Time & Space Complexity

Time complexity: $O(n \log n + m \log m)$
Space complexity: $O(n)$

Where $n$ is the size of the array $nums1$ and $m$ is the size of the array $nums2$ .

3. Hash Set

Intuition

Converting both arrays to sets removes duplicates and enables O(1) lookup. We then iterate through one set and check membership in the other. Any element present in both sets belongs to the intersection.

Algorithm

Convert nums1 to a set set1.
Convert nums2 to a set set2.
Iterate through set1:
- If the element exists in set2, add it to the result.
Return the result list.

class Solution:
    def intersection(self, nums1: List[int], nums2: List[int]) -> List[int]:
        set1 = set(nums1)
        set2 = set(nums2)

        res = []
        for num in set1:
            if num in set2:
                res.append(num)
        return res

Time & Space Complexity

Time complexity: $O(n + m)$
Space complexity: $O(n + m)$

Where $n$ is the size of the array $nums1$ and $m$ is the size of the array $nums2$ .

4. Hash Map

Intuition

We use a hash map to track which elements from nums1 we have seen.

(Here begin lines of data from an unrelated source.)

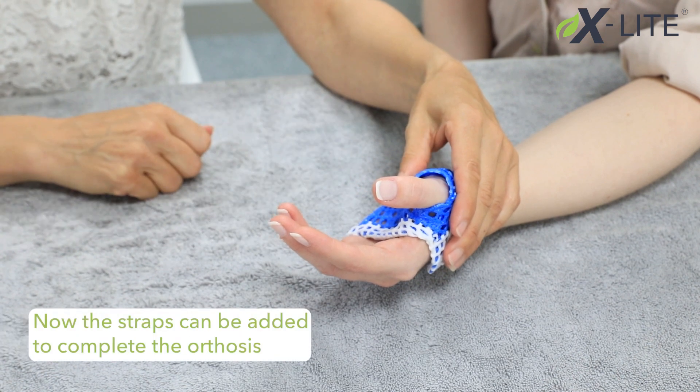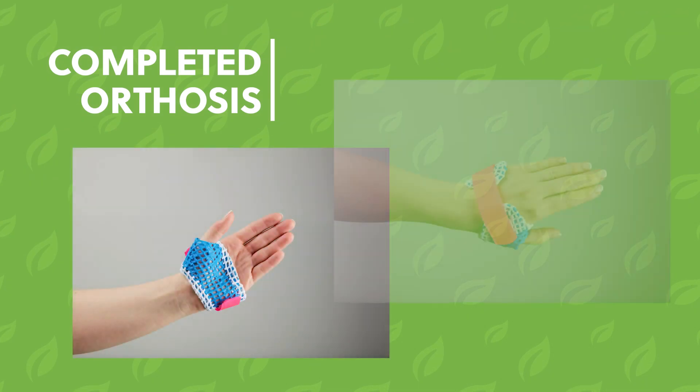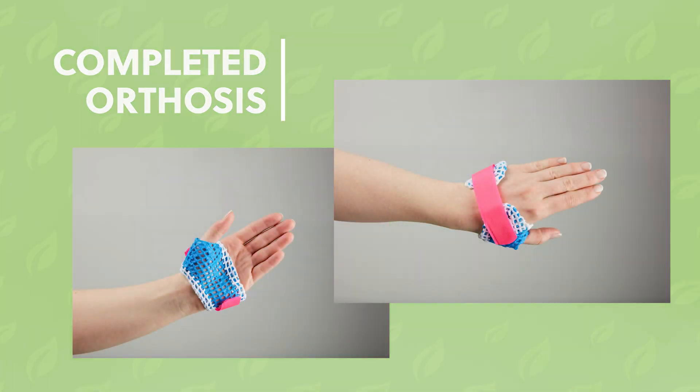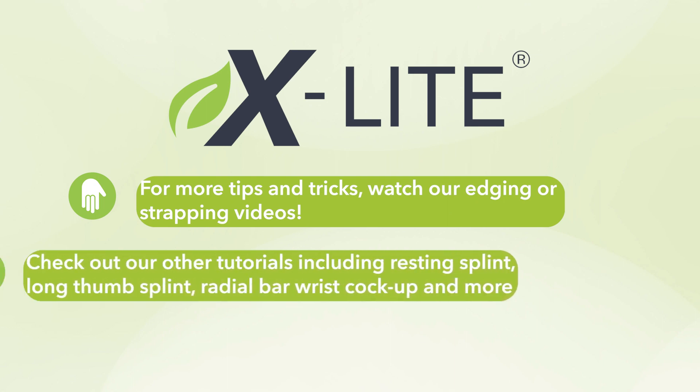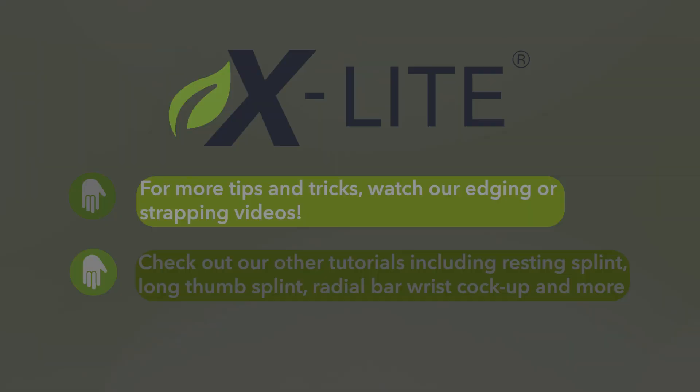Now the straps can be added to complete the orthosis. And we'll see you again next time.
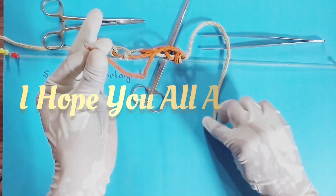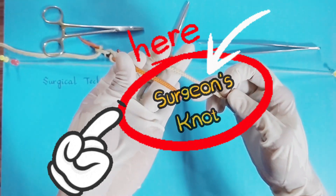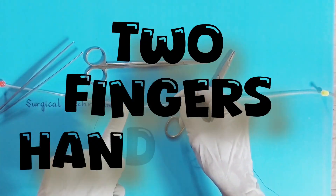Hello viewers! I hope you're all well. Here is the easiest technique of surgeon's hand knot, that is two fingers hand knot.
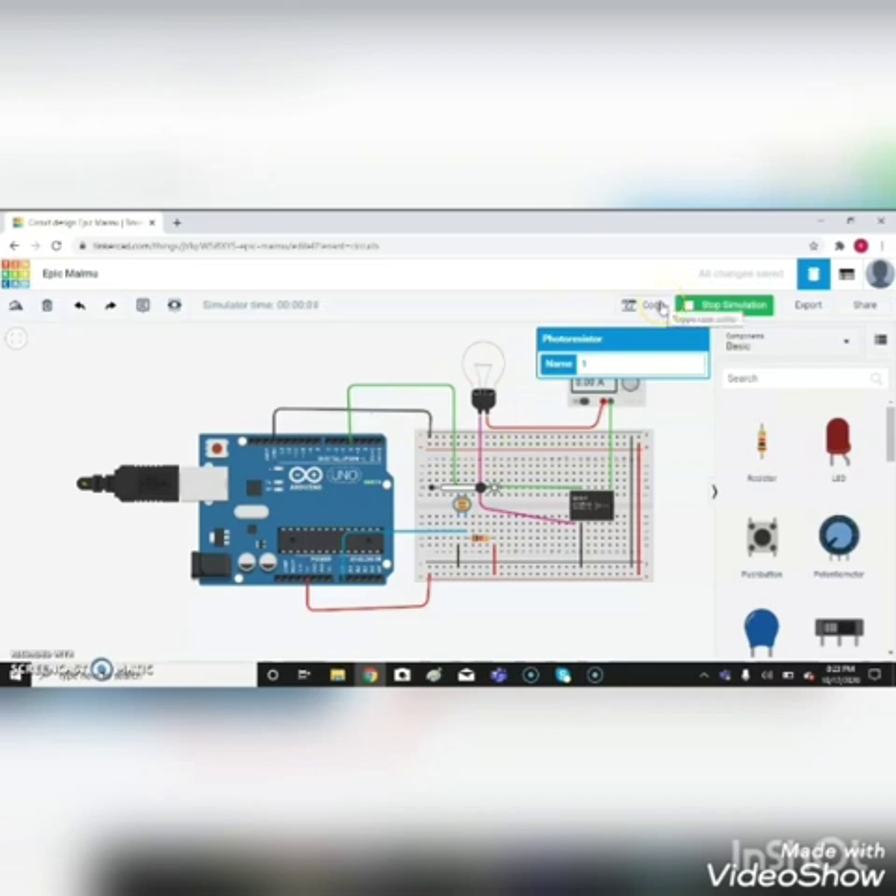That means using Arduino and relay we can also simulate or activate a bulb — that's the main purpose of this project. You can also experiment like this and gain your knowledge. Thank you.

We mark each element with value 1. When iterating through nums2, if we find a marked element, we add it to the result and set its value to 0 to prevent duplicates.

Algorithm

Create a hash map seen and mark all elements in nums1 with value 1.
Initialize an empty result list.
For each element in nums2:
- If seen[num] == 1, add num to result and set seen[num] = 0.
Return the result list.

class Solution:
    def intersection(self, nums1: List[int], nums2: List[int]) -> List[int]:
        seen = defaultdict(int)
        for num in nums1:
            seen[num] = 1

        res = []
        for num in nums2:
            if seen[num] == 1:
                seen[num] = 0
                res.append(num)
        return res

Time & Space Complexity

Time complexity: $O(n + m)$
Space complexity: $O(n)$

Where $n$ is the size of the array $nums1$ and $m$ is the size of the array $nums2$ .

5. Hash Set (Optimal)

Intuition

We can improve on the two-set approach by using only one set. Store all elements from nums1 in a set, then iterate through nums2. When we find a match, add it to the result and remove it from the set to avoid duplicates.

Algorithm

Create a set seen from all elements in nums1.
Initialize an empty result list.
For each element in nums2:
- If the element is in seen, add it to the result and remove it from seen.
Return the result list.

class Solution:
    def intersection(self, nums1: List[int], nums2: List[int]) -> List[int]:
        seen = set(nums1)

        res = []
        for num in nums2:
            if num in seen:
                res.append(num)
                seen.remove(num)
        return res

Time & Space Complexity

Time complexity: $O(n + m)$
Space complexity: $O(n)$

Where $n$ is the size of the array $nums1$ and $m$ is the size of the array $nums2$ .

6. Built-In Functions

Intuition

Most programming languages provide built-in set intersection operations. By converting both arrays to sets and using the intersection function, we get a clean one-liner solution. The implementation details are handled by the language's standard library.

Algorithm

Convert nums1 to a set.
Convert nums2 to a set.
Compute the intersection of the two sets using the built-in function.
Convert the result to an array and return it.

class Solution:
    def intersection(self, nums1: List[int], nums2: List[int]) -> List[int]:
            return list(set(nums1) & set(nums2))

Time & Space Complexity

Time complexity: $O(n + m)$ in average case, $O(n * m)$ in worst case.
Space complexity: $O(n + m)$

Where $n$ is the size of the array $nums1$ and $m$ is the size of the array $nums2$ .

Common Pitfalls

Including Duplicates in the Result

The intersection should contain each common element only once, even if it appears multiple times in both arrays. For example, if nums1 = [1, 1, 2] and nums2 = [1, 1], the result should be [1], not [1, 1]. Using a set for the result or marking elements as "already added" prevents this issue.

Comparing Values Instead of Using Efficient Lookups

A brute force approach comparing every pair of elements is O(n * m), which is inefficient for large arrays. The optimal approach uses a hash set for O(1) lookups, reducing time complexity to O(n + m). Always consider converting one array to a set before checking membership.